For some, the idea of “children’s heaven” included playing soldier, as illustrated in the magazine Tainichi Gurafu, 1932. Private collection.


Likewise, in its October issue of 1936, the elegant magazine Hōmu Raifu (Home Life) printed a photograph that featured boy attendees of the Ōsaka Aishu Kindergarten playing war with wooden toy rifles (Tsuganezawa 2006:135). As such, we can see that representations of war games had by this time become utterly normalized, even for the youngest children and, perhaps particularly, for upper-class children—who spent less time playing unsupervised than did their less-protected peers.

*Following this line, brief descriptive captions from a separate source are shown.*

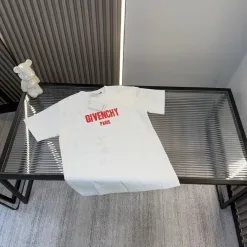 Hochwertiger Givenchy-Luxus mit kurzen Ärmeln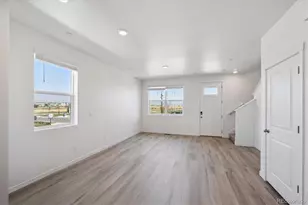 9880 Argonne St, Commerce City, CO 80022 - Photo 2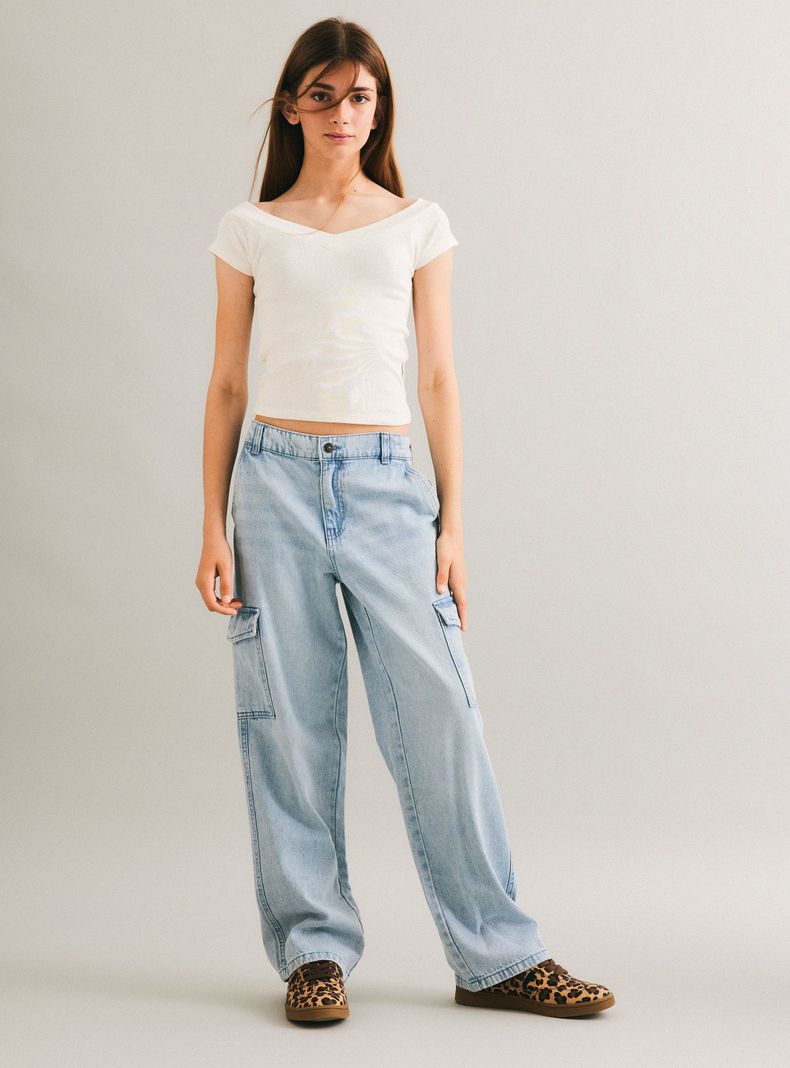 Jeans con Bolsillos Estilo Cargo-0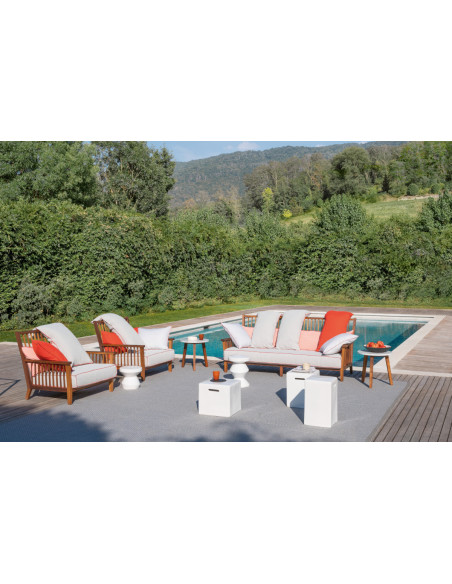 InOut 703 Outdoor Sofa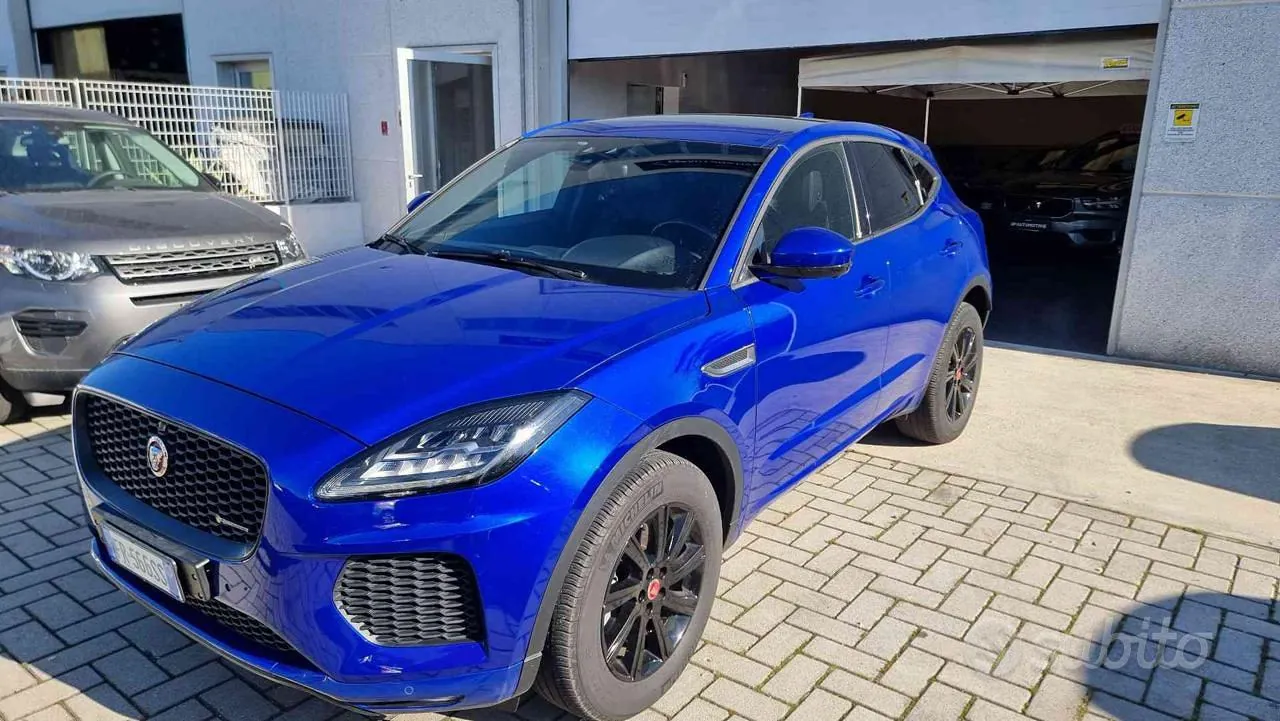 Jaguar E-Pace 2018 photo 2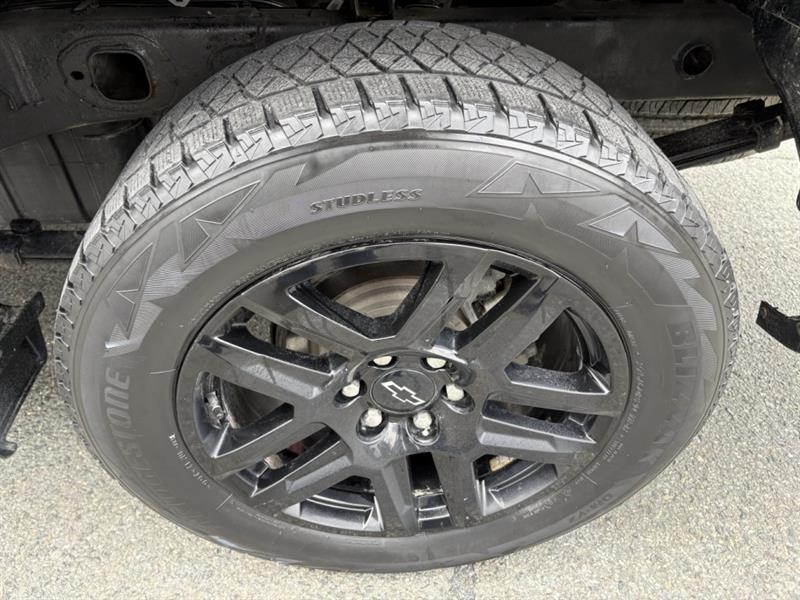 chevrolet Silverado 1500 2023 - 16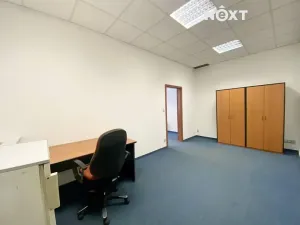 Pronájem kanceláře, Praha - Nové Město, Na Moráni, 67 m2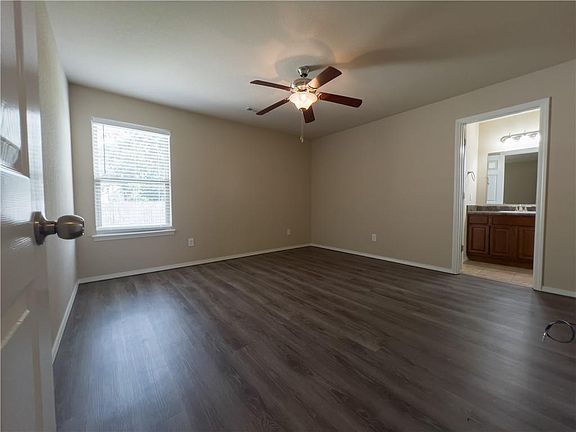 5th image of 820 Napa Ave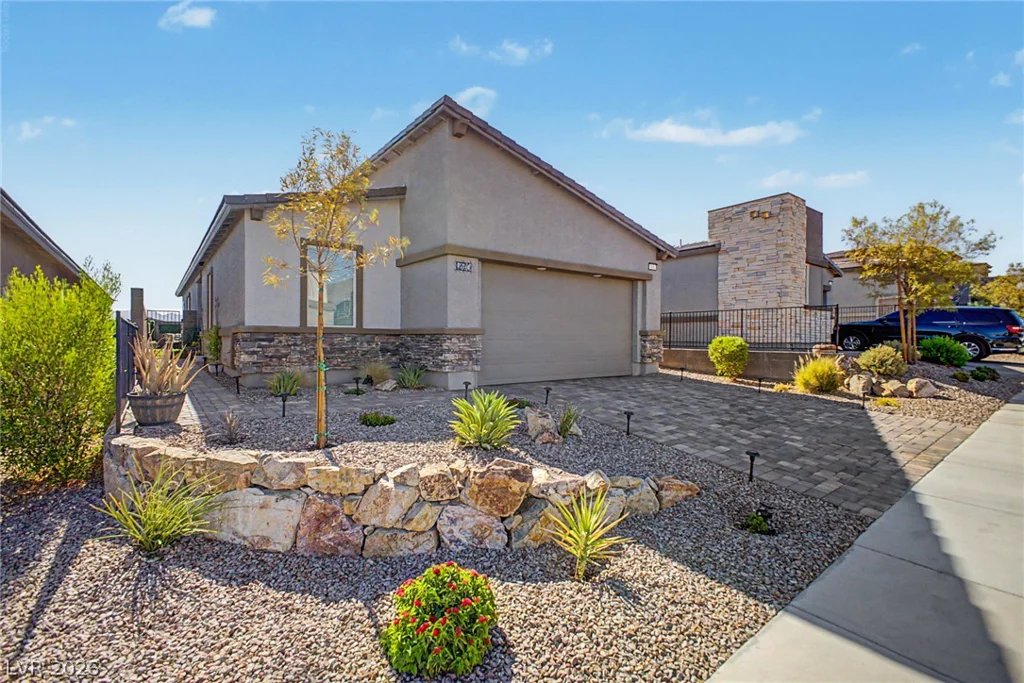290 Fossil Falls, Henderson, NV 89015
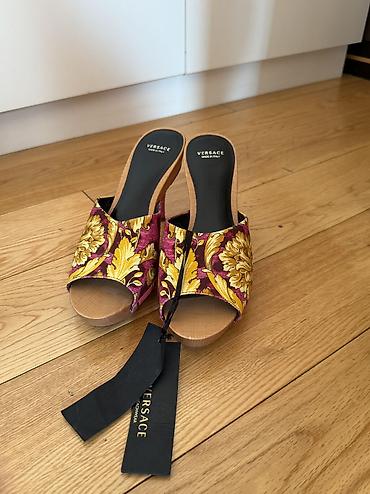 ideal parfumeriya: Versace ayaqqabi,hec istifade olunmuyub,originaldir,etiketkasida — 1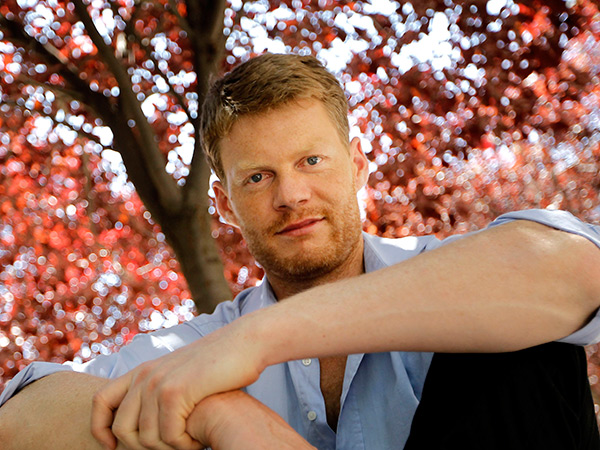 Christian Felber: «Hace falta una democracia soberana para impedir la muerte de la banca regional,cooperativa y&nbsp;ética»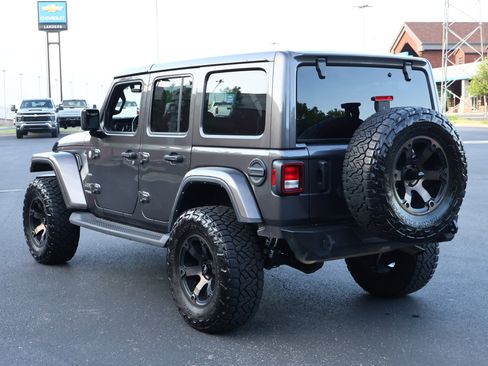 Used 2022 Jeep Wrangler Unlimited Sahara w/ Cold Weather Group AWD/4WD image 6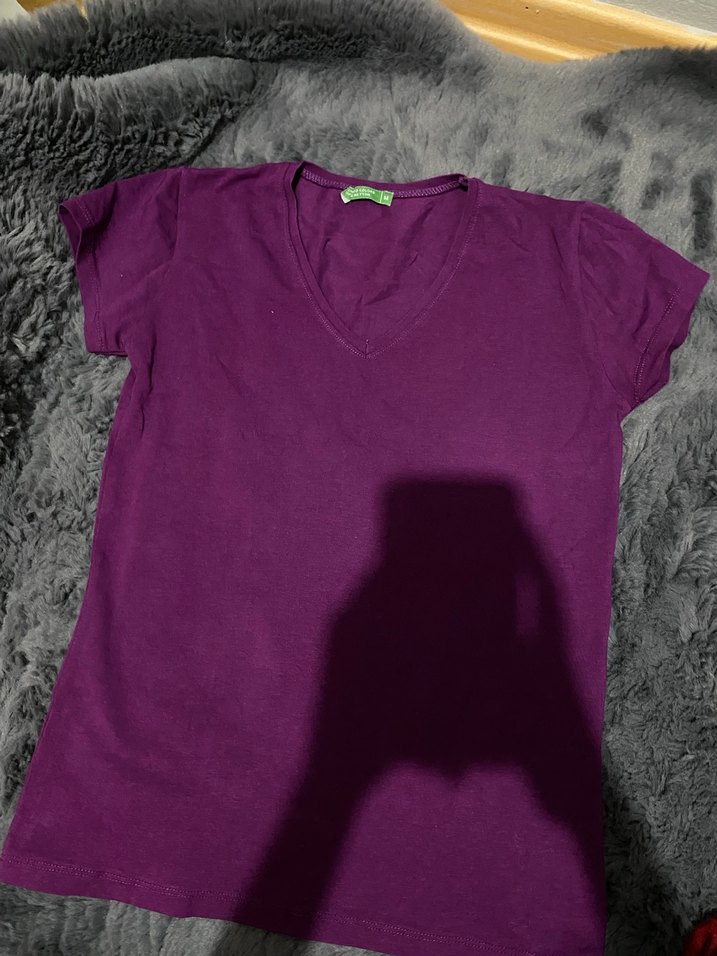Mor V Yaka Kısa Kollu Kadın Tişört - Görsel 2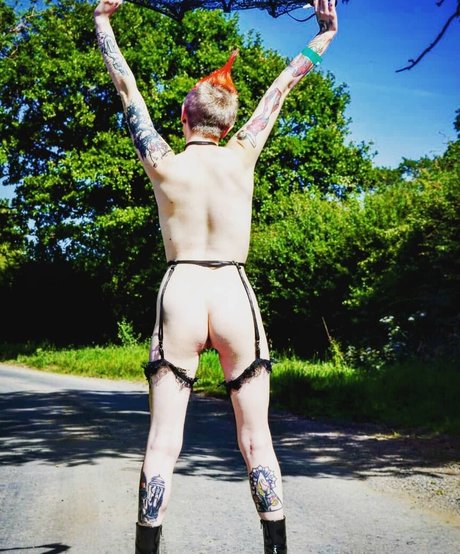 Nacktes geleaktes OnlyFans-Foto von Dinkytoy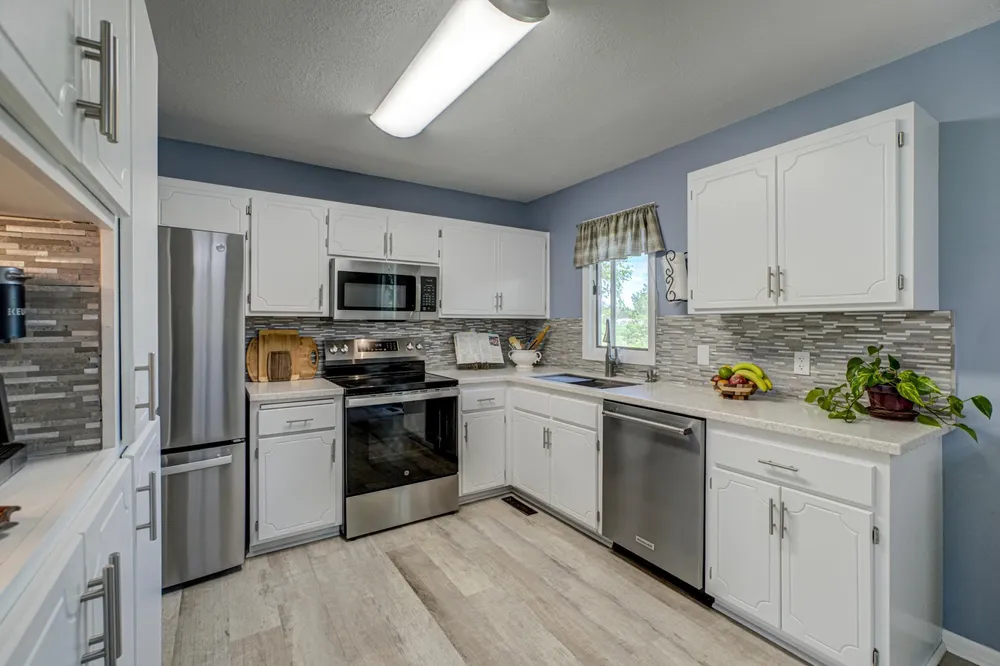 6676 Sandlewood Rd, Woodbury, MN 55125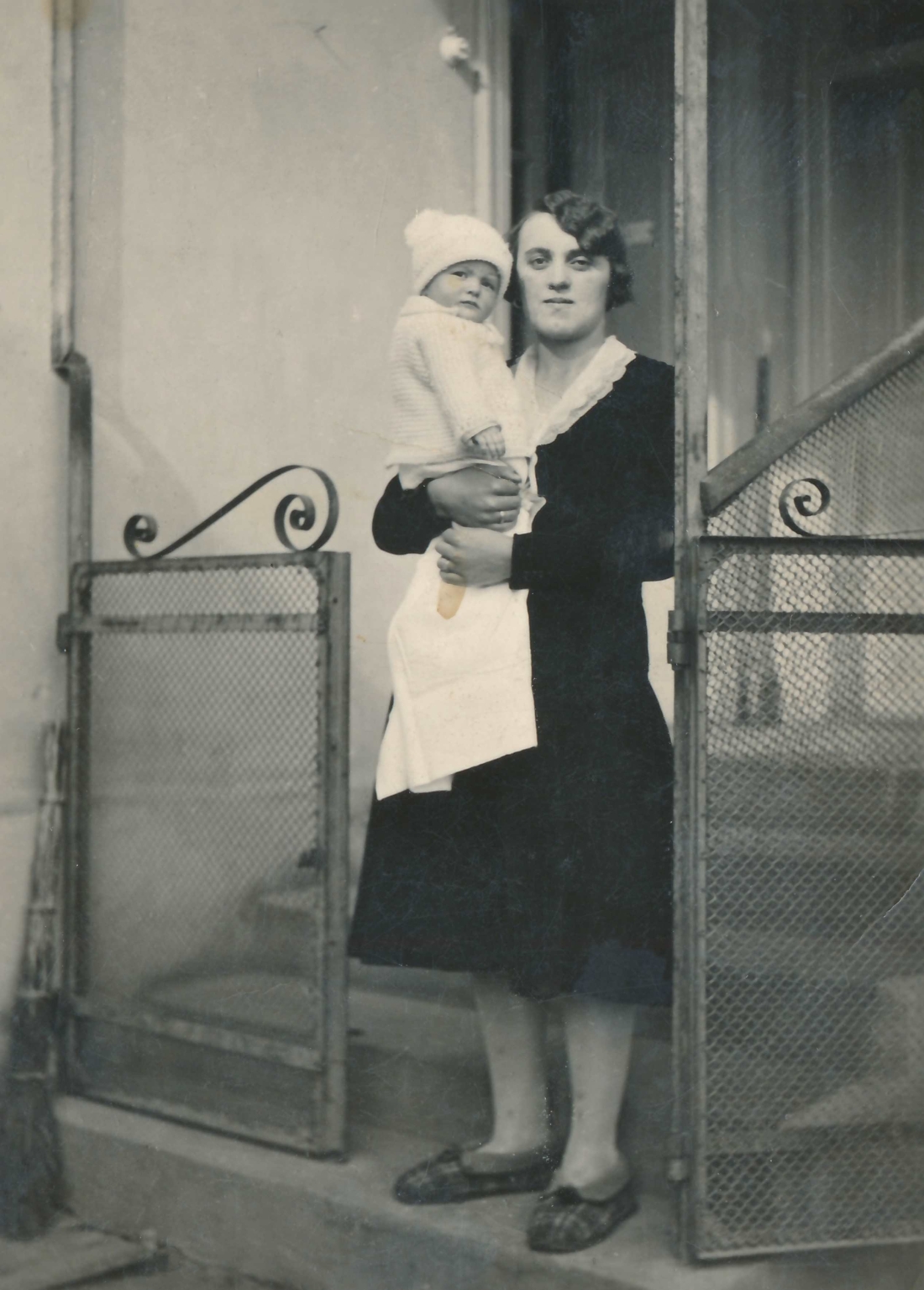 Sohn Ernst mit Mutter Zsofia Szabo (geb. Böcskör, *1910 / +1998) - Johann Straußgasse 7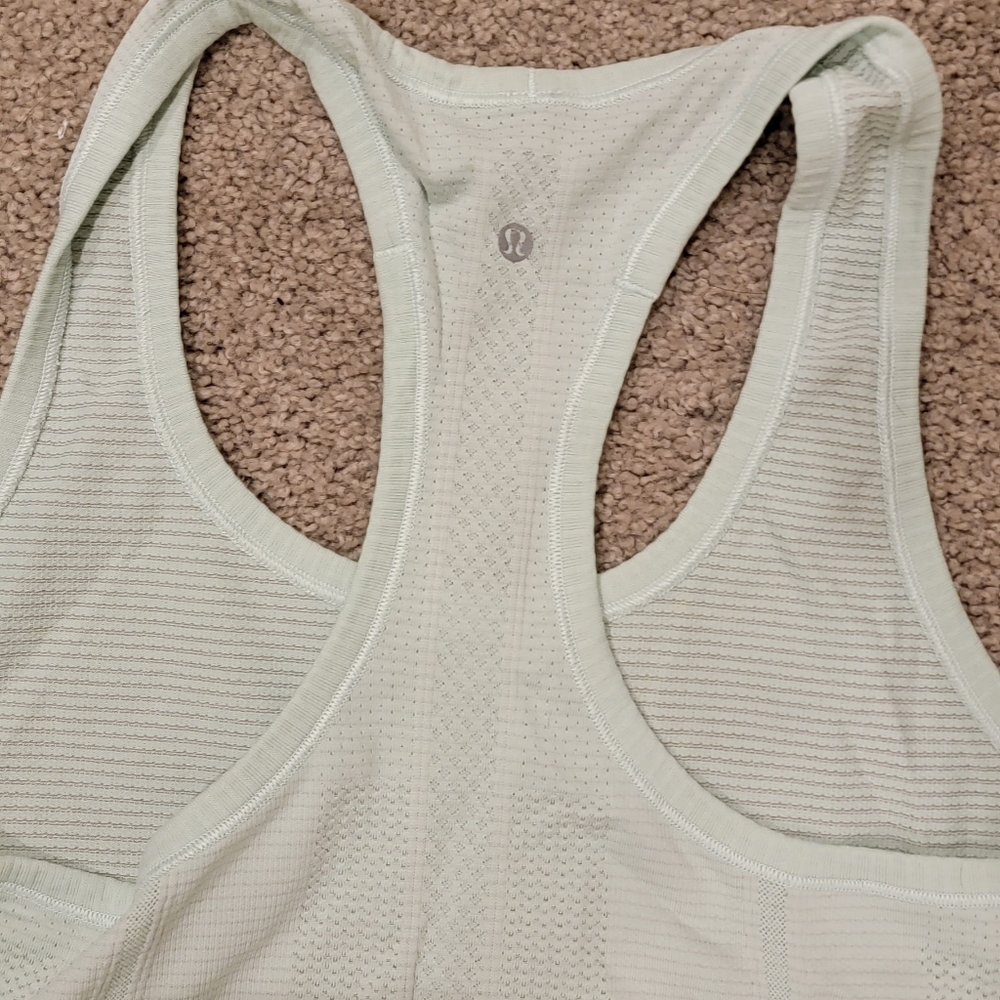 Lululemon tank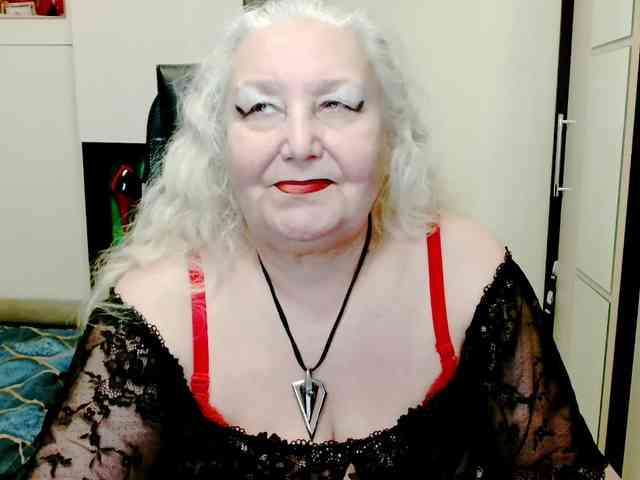 GrannyWants webcam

This illustration by Satō Shigeo originally appeared in the October 1936 issue of the elegant magazine Home Life (Hōmu Raifu), published by the Ōsaka Mainichi Shinbun Press. Printed with the kind permission of Kashiwa Shobō.

A children’s game of war (ikusa gokko), according to the 1932 publication Album of Pictures for Boys’ and Girls’ Self-Study (Shōnen shōjo jishu gaten). Private collection. 


Similarly, drawings of war games featured prominently in a 1932 volume titled Album of Pictures for Boys' and Girls’ Self-study (Shônen shôjo jishu gaten). One drawing, by a teacher named Honda Shōtarō, was of children “playing soldier” (ikusa gokko) (31). It appeared next to two of his actual “war pictures” (sensō-e) (30).

The text cheerfully praises the “brave soldiers” in the children’s game and suggests that child readers may “play soldier themselves as well as enthusiastically draw similar pictures of their own war games.” I must note that, overall, only a handful of pictures in this work feature war and the military, and only represents a children’s game of war. My point here is that the messages such pictures and the accompanying text convey indicates how utterly normalized children’s war games had become—so much so that children were shown battling one another even in a progressive publication, one whose intention was the democratization of art. Indeed, the volume was created by a group of artists, educators, and activists of the School Art Association (Gakko Bijutsu Kyōkai), whose key goal was to bring art (education) to the masses. While the drawings themselves were produced by the adult members of the association, the volume was put together with the declared intention of encouraging children to make their own art at home—indeed, to be inspired by the pictures found within to make yet others of their own imagination (foreword).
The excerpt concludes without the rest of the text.